▶ Records for the exercise:

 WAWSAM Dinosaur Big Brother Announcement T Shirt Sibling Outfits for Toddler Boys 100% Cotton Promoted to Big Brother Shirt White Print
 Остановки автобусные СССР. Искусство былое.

==

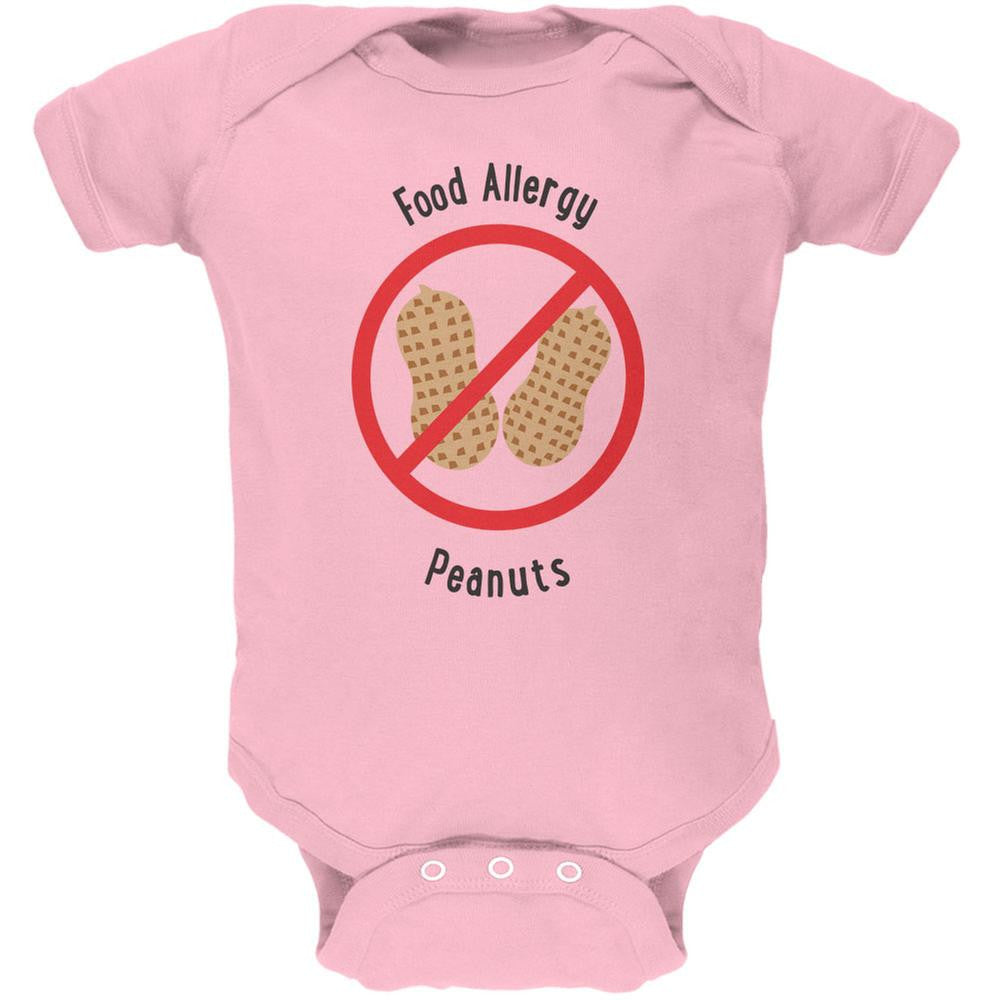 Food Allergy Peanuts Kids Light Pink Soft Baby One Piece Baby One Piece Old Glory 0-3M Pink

▶ Exercise requirements: Please give back, exactly as it stands above, the stretch from the line with "WAWSAM Dinosaur Big" through the line with "Остановки автобусные СССР. Искусство былое.", and no line outside it.

▶ Task solution:
 WAWSAM Dinosaur Big Brother Announcement T Shirt Sibling Outfits for Toddler Boys 100% Cotton Promoted to Big Brother Shirt White Print
 Остановки автобусные СССР. Искусство былое.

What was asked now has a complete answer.